### What is being asked
Print the data once more, exactly as given. Drop the pictures.

Start of Extracted entries

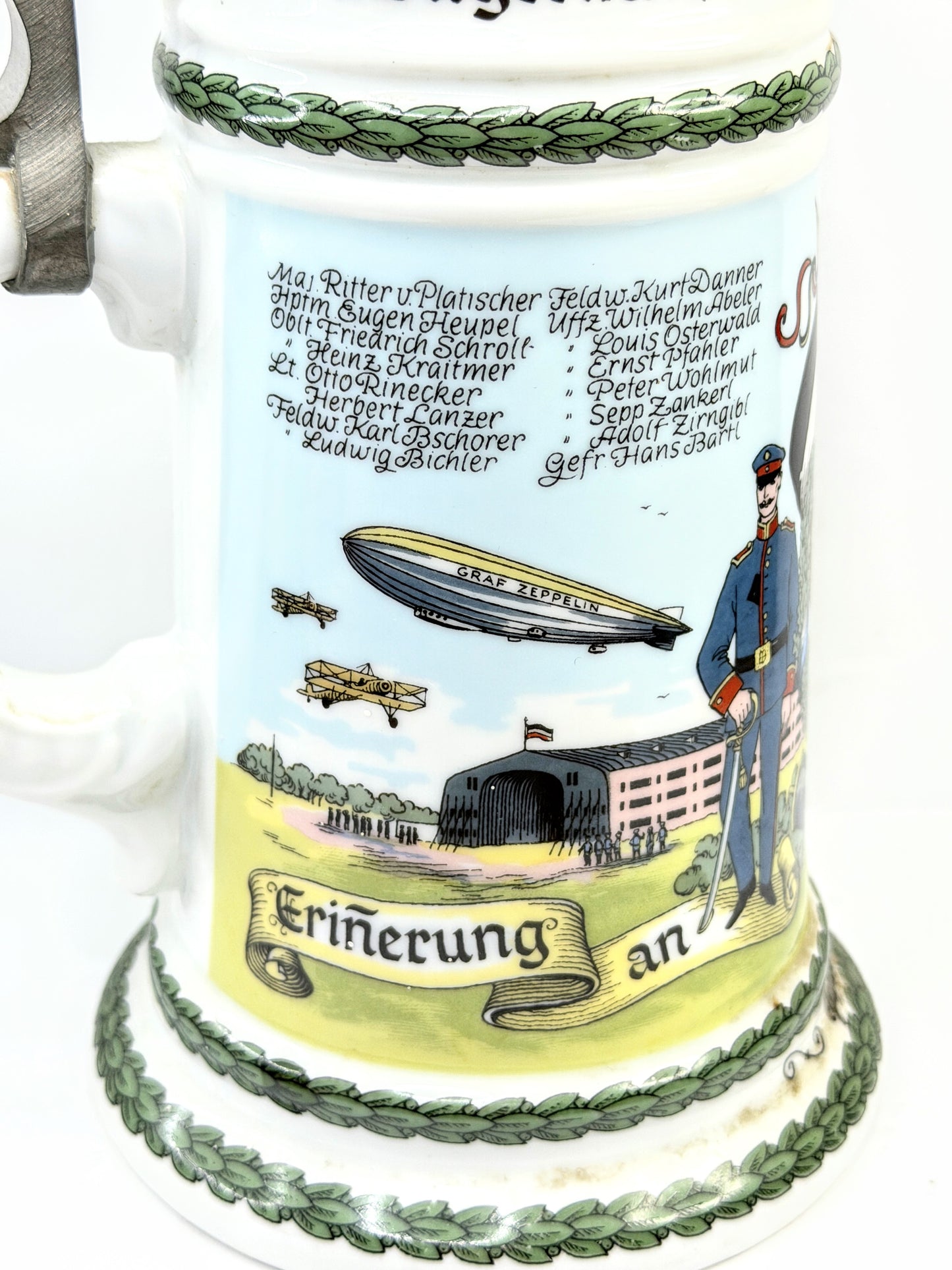 German Post-WWI Regimental Style Beer Stein Munich 1910 Lid A927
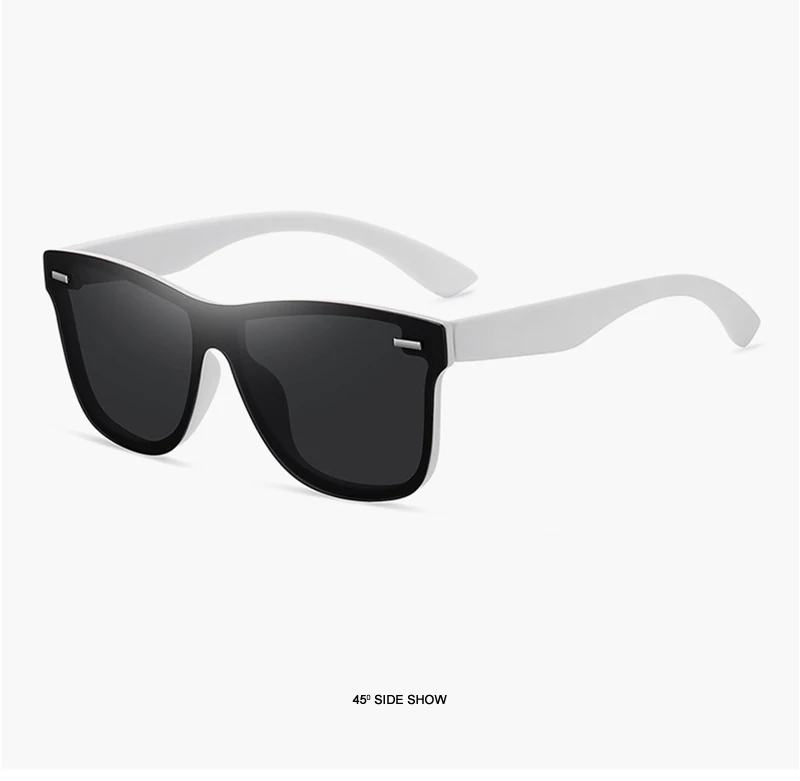 Luxury Square Polarized Sunglasses Men Women Fashion One-piece Sun Glasses Unisex Vintage Mirror Blue Driving Eyewear UV400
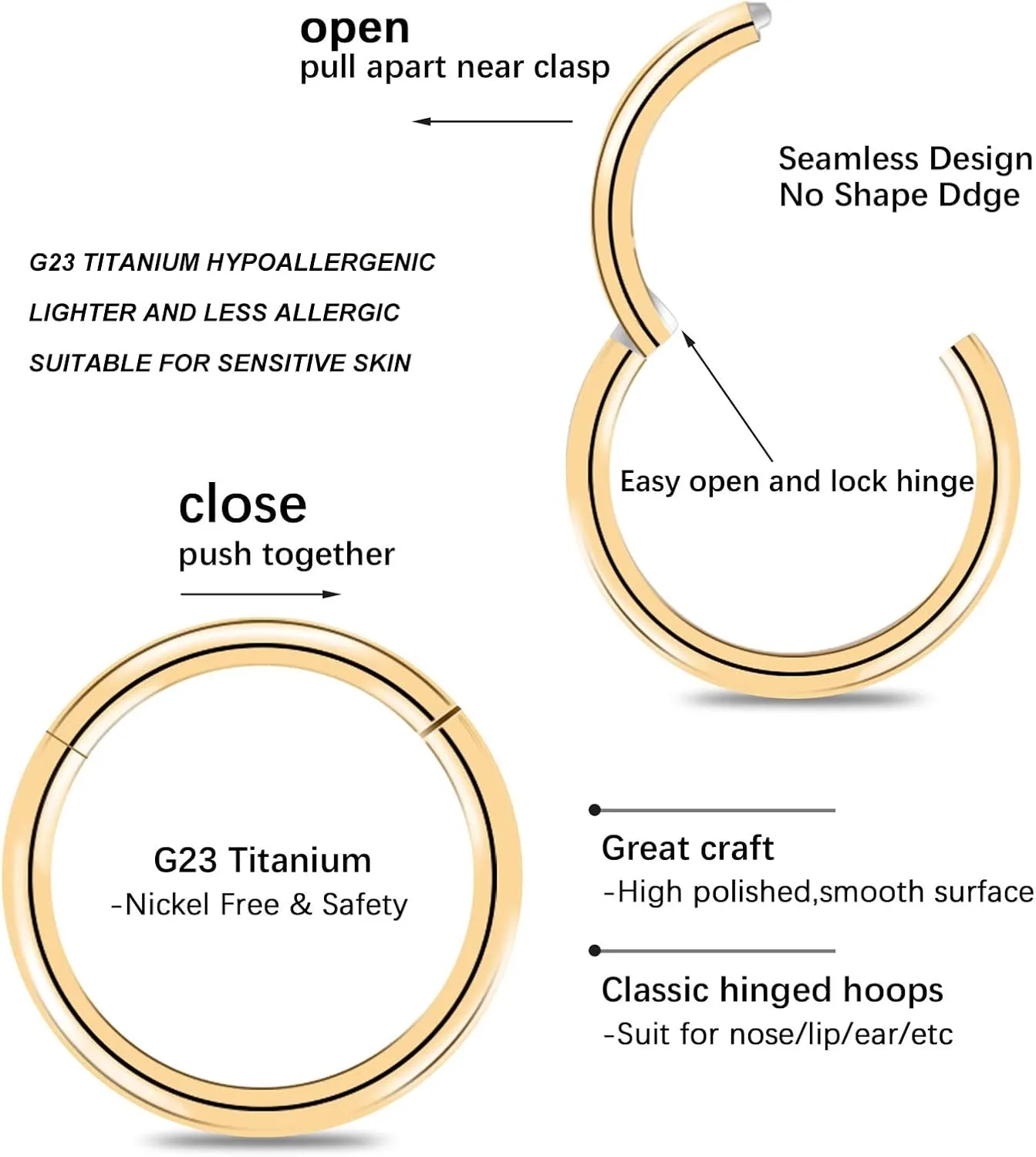 Grade 23 Titanium Nose Rings Hoops Body Piercing Rings Helix Cartilage Rook Earrings 20G 18G 16G, Diameter 6mm-10mm Black/Silver/Gold/Rose Gold/Pink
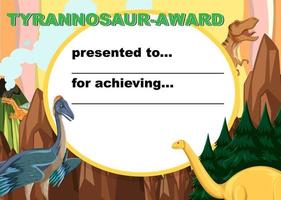 modello di certificato di dinosauro in stile cartone animato vettore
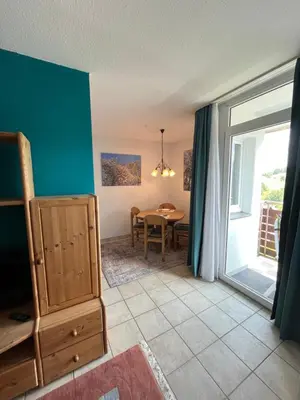 Ein Bett oder Betten in einem Zimmer der Unterkunft Ferienwohnung Schöne Aussicht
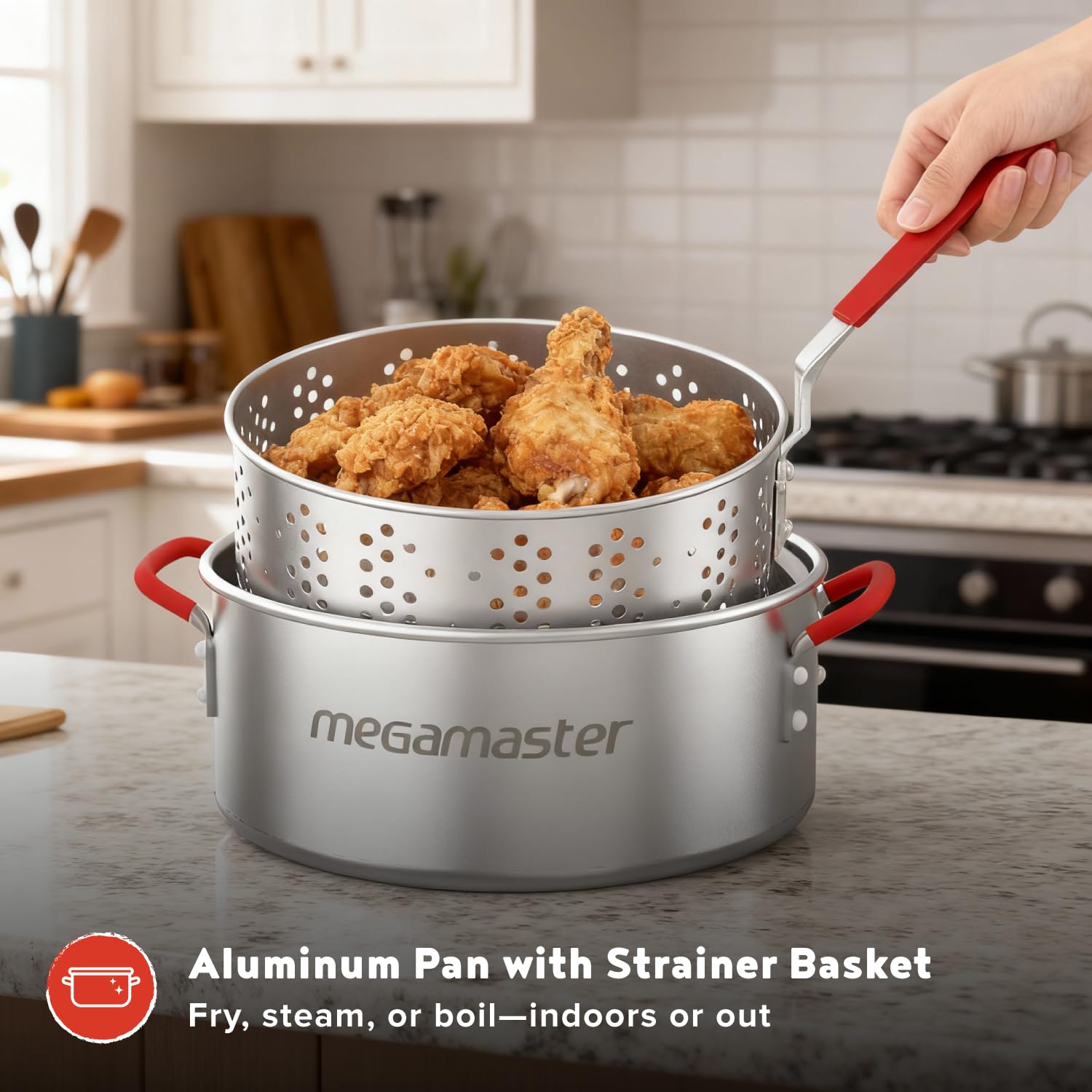 Megamaster Aluminium Fish Fryer Pot with Basket, 10.5QT Deep Fryer with Easy Grip Handle, Outdoor Propane Fryer Pot for Cooking Chicken Wings, Seafood, French Fries - 630-13004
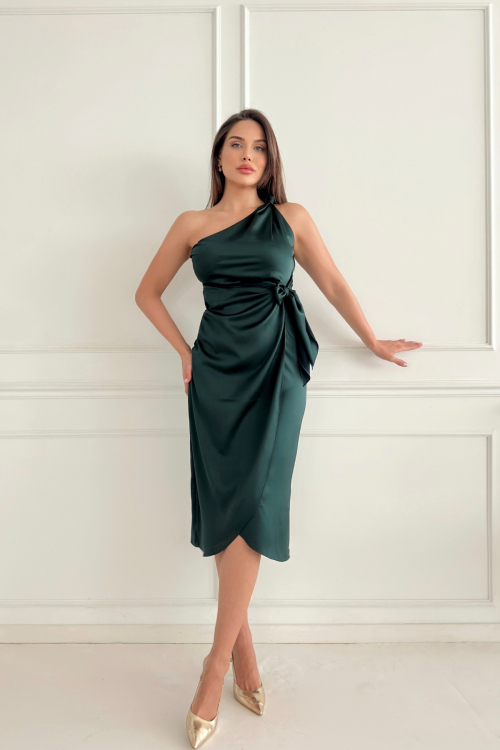 Omuzu Düğümlü Saten Elbise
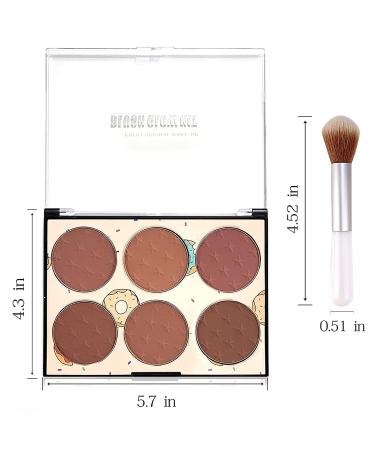 6 Colors Blush Palette with Brush - Matte & Shimmer Powder Blush for Glam Makeup Look | Contour & Highlighter Palette - Buy Online on SooperMarket.com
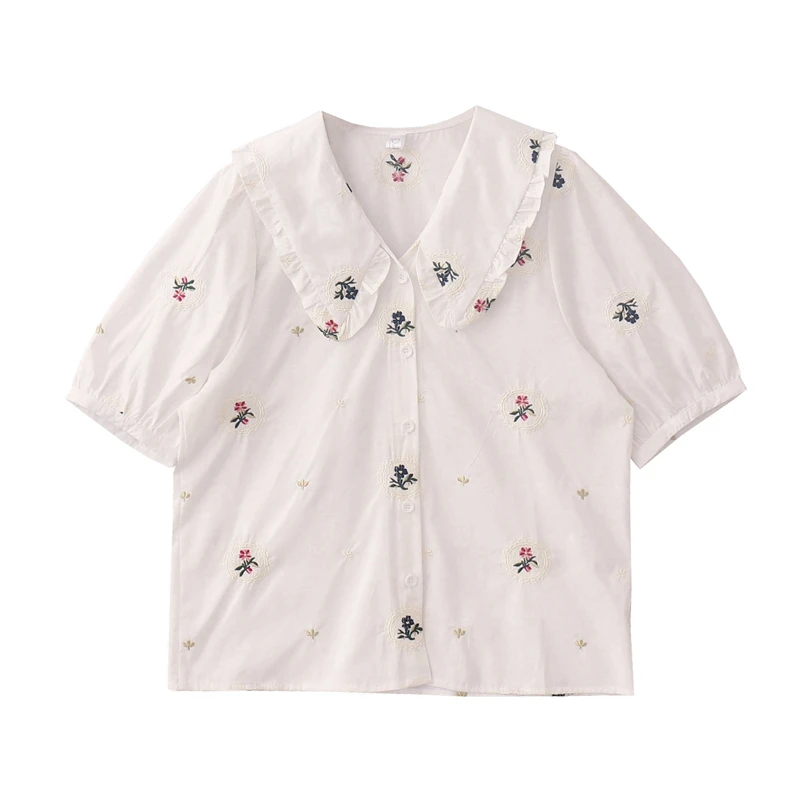 Summer French Fashion Blouse Women 2021 Vintage Elegant Floral Button Up Cotton White Shirts Doll Collar Casual Short Sleeve Top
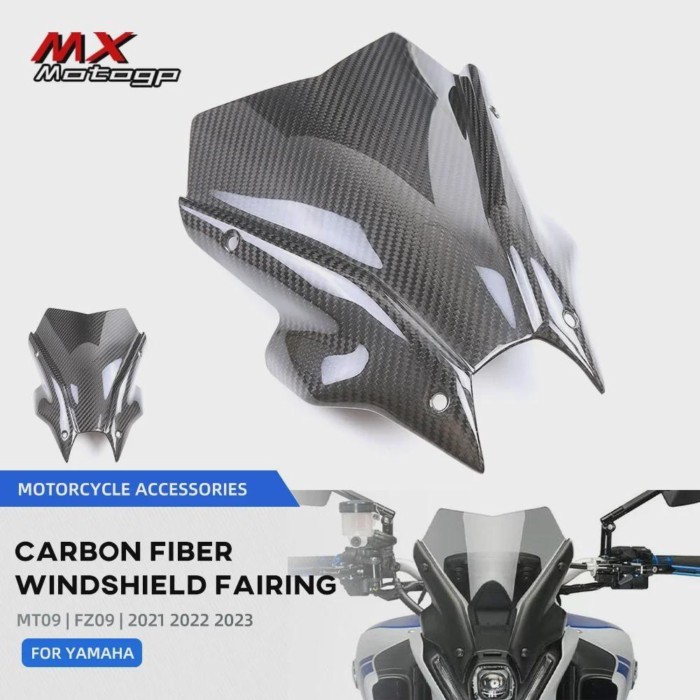 For YAMAHA MT09 FZ09 FZ MT 09 2021 2022 2023 Carbon Fiber Motorcycle Windshield Wind Deflectors Win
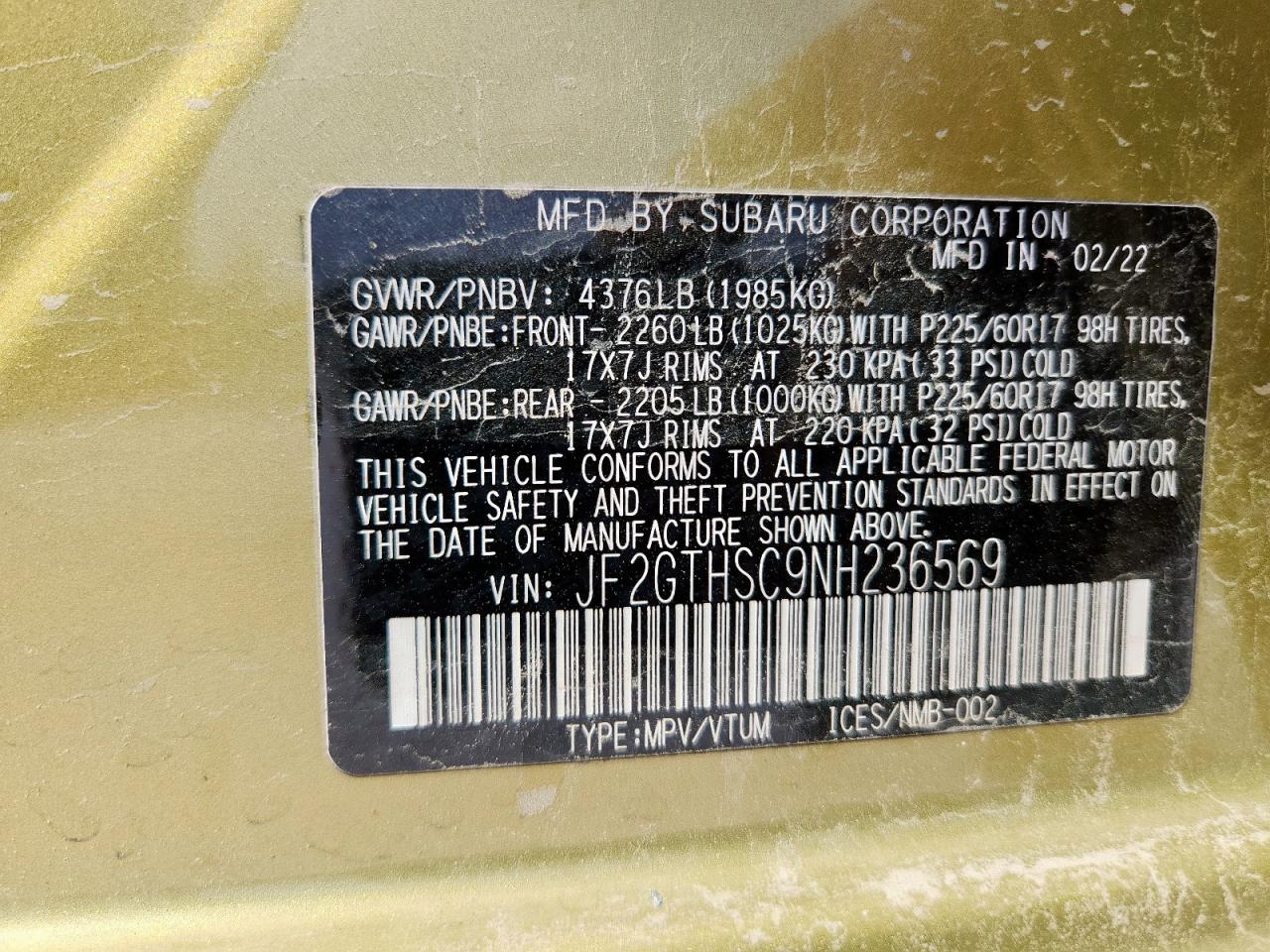 2022 Subaru Crosstrek Sport VIN: JF2GTHSC9NH236569 Lot: 69430405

End of Extracted entries

### Expected answer
 German Post-WWI Regimental Style Beer Stein Munich 1910 Lid A927
 Luxury Square Polarized Sunglasses Men Women Fashion One-piece Sun Glasses Unisex Vintage Mirror Blue Driving Eyewear UV400
 Grade 23 Titanium Nose Rings Hoops Body Piercing Rings Helix Cartilage Rook Earrings 20G 18G 16G, Diameter 6mm-10mm Black/Silver/Gold/Rose Gold/Pink
 modello di certificato di dinosauro in stile cartone animato vettore
 Ein Bett oder Betten in einem Zimmer der Unterkunft Ferienwohnung Schöne Aussicht
 Megamaster Aluminium Fish Fryer Pot with Basket, 10.5QT Deep Fryer with Easy Grip Handle, Outdoor Propane Fryer Pot for Cooking Chicken Wings, Seafood, French Fries - 630-13004
 Omuzu Düğümlü Saten Elbise
 6 Colors Blush Palette with Brush - Matte & Shimmer Powder Blush for Glam Makeup Look | Contour & Highlighter Palette - Buy Online on SooperMarket.com
 Summer French Fashion Blouse Women 2021 Vintage Elegant Floral Button Up Cotton White Shirts Doll Collar Casual Short Sleeve Top
 For YAMAHA MT09 FZ09 FZ MT 09 2021 2022 2023 Carbon Fiber Motorcycle Windshield Wind Deflectors Win
 2022 Subaru Crosstrek Sport VIN: JF2GTHSC9NH236569 Lot: 69430405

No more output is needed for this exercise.